Records excerpted from a collection

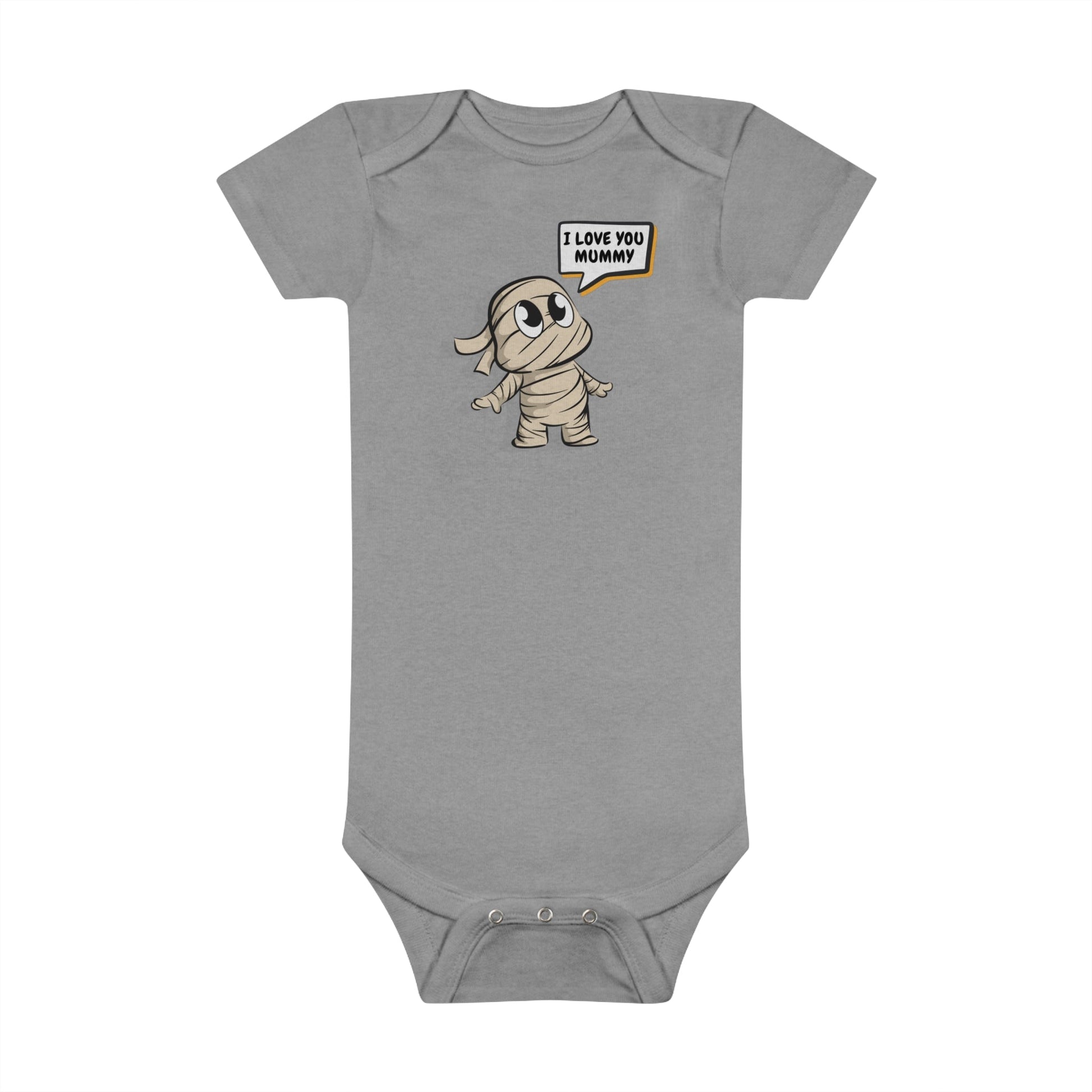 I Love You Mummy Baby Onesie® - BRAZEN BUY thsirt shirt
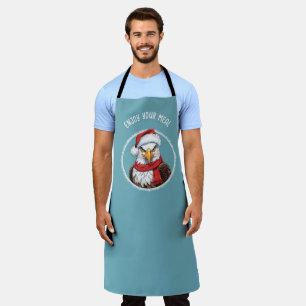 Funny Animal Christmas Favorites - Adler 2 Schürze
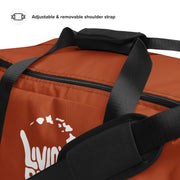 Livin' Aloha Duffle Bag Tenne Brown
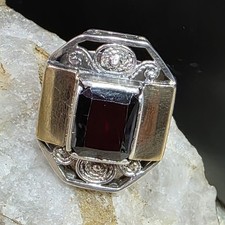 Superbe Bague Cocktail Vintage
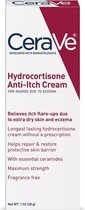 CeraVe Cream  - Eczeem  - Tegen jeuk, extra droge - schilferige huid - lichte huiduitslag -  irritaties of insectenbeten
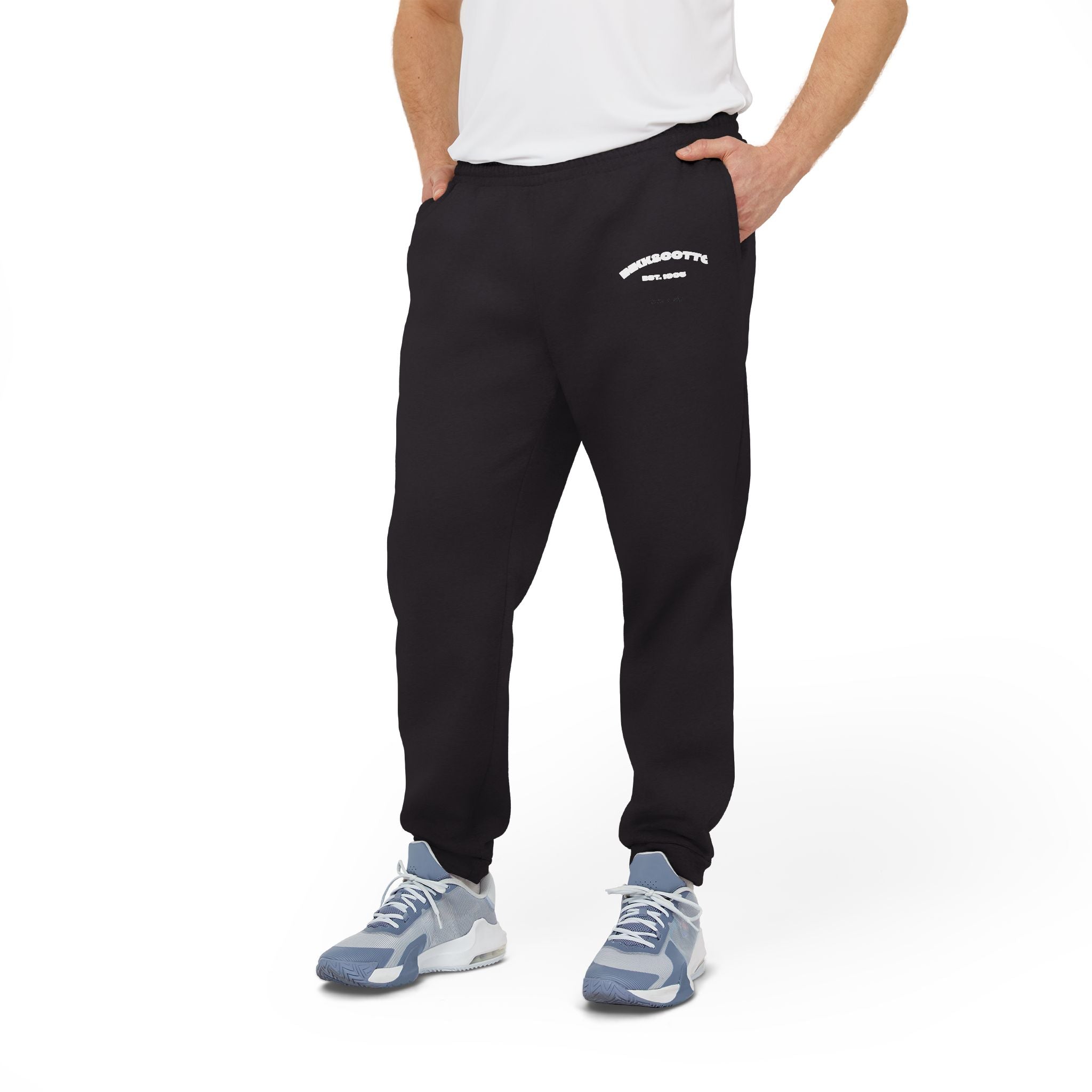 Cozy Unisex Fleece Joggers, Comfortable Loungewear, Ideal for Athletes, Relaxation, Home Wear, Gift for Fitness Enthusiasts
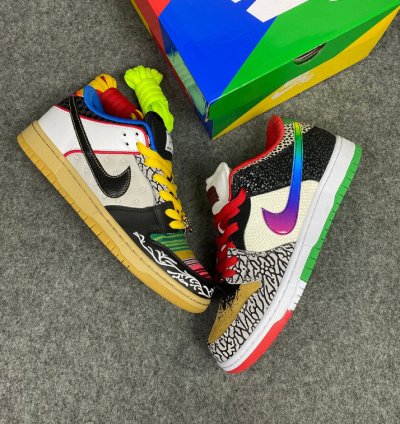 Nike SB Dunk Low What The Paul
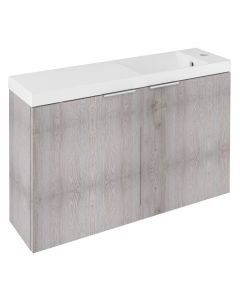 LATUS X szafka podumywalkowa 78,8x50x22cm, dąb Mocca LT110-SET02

GOAL OF THE EXERCISE – Retype each entry exactly. No pictures.

WRITTEN ANSWER –
 I Love You Mummy Baby Onesie® - BRAZEN BUY thsirt shirt
 Funny Animal Christmas Favorites - Adler 2 Schürze
 Livin' Aloha Duffle Bag Tenne Brown
 Superbe Bague Cocktail Vintage
 CeraVe Cream  - Eczeem  - Tegen jeuk, extra droge - schilferige huid - lichte huiduitslag -  irritaties of insectenbeten
 Cozy Unisex Fleece Joggers, Comfortable Loungewear, Ideal for Athletes, Relaxation, Home Wear, Gift for Fitness Enthusiasts
 Nike SB Dunk Low What The Paul
 LATUS X szafka podumywalkowa 78,8x50x22cm, dąb Mocca LT110-SET02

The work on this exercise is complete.